[Requirement]
Take the lines from the line containing "Big & Nice 3Br/2.5Bth" through the end of the entries and output them exactly, with no pictures and nothing more.

[Raw data]
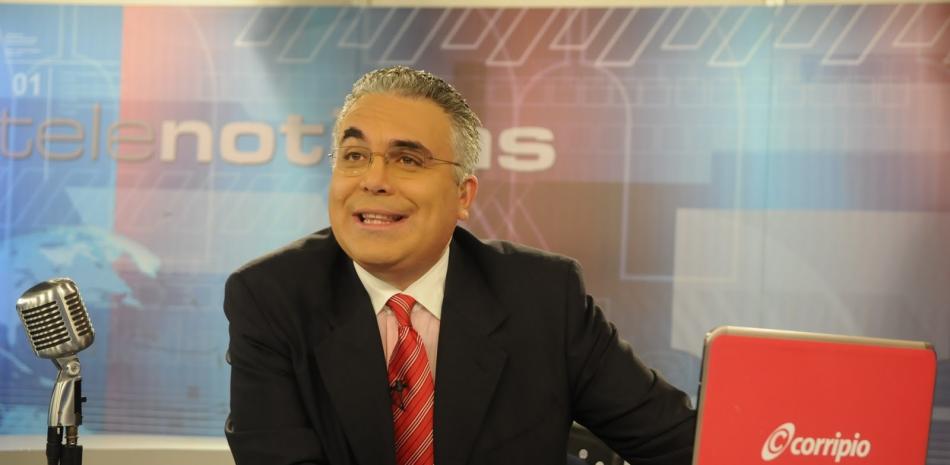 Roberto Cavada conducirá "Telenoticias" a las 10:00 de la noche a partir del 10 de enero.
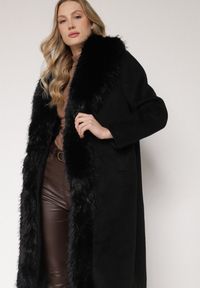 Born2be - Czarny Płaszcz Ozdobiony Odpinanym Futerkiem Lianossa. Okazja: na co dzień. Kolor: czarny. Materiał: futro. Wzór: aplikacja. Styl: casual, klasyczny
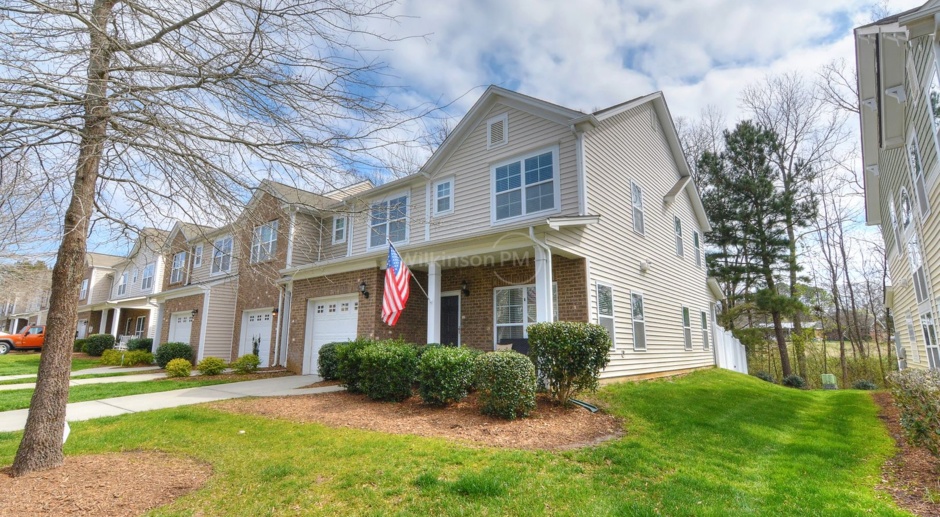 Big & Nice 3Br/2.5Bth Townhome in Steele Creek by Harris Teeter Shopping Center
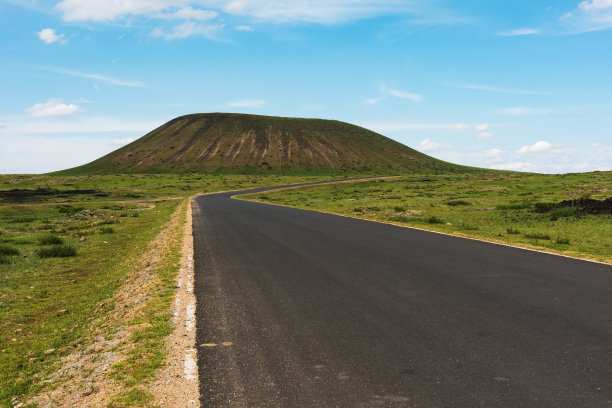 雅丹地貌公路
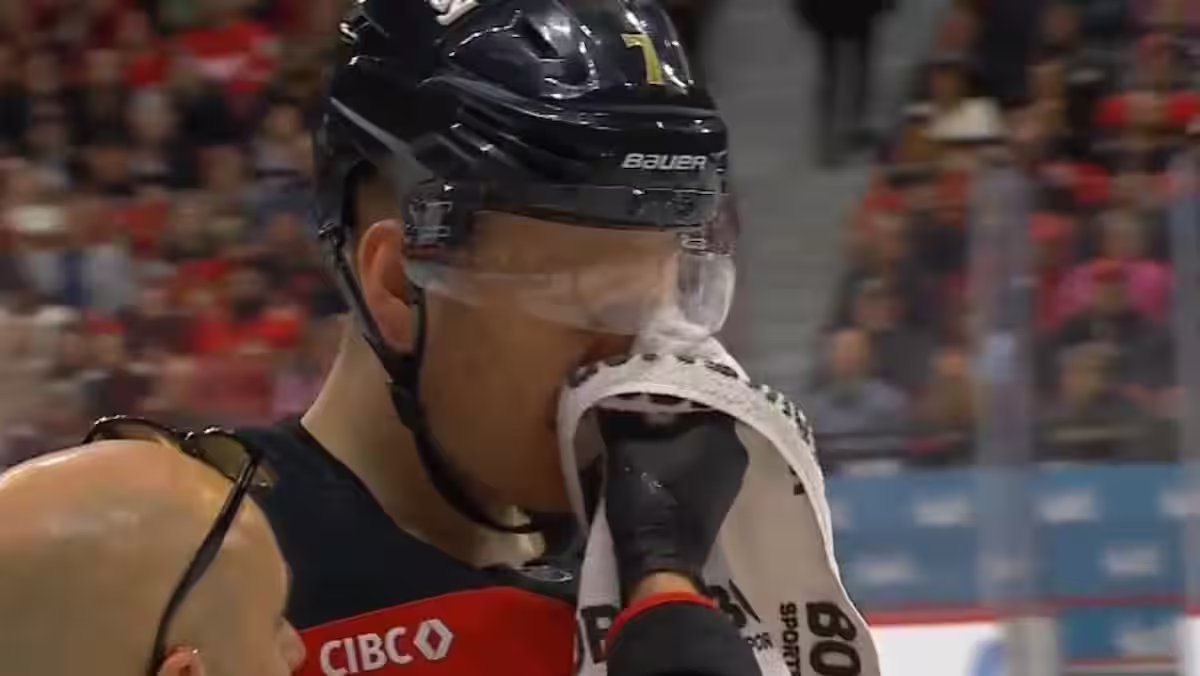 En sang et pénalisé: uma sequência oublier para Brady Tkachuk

[Answer for the task]
 Big & Nice 3Br/2.5Bth Townhome in Steele Creek by Harris Teeter Shopping Center
 雅丹地貌公路
 En sang et pénalisé: uma sequência oublier para Brady Tkachuk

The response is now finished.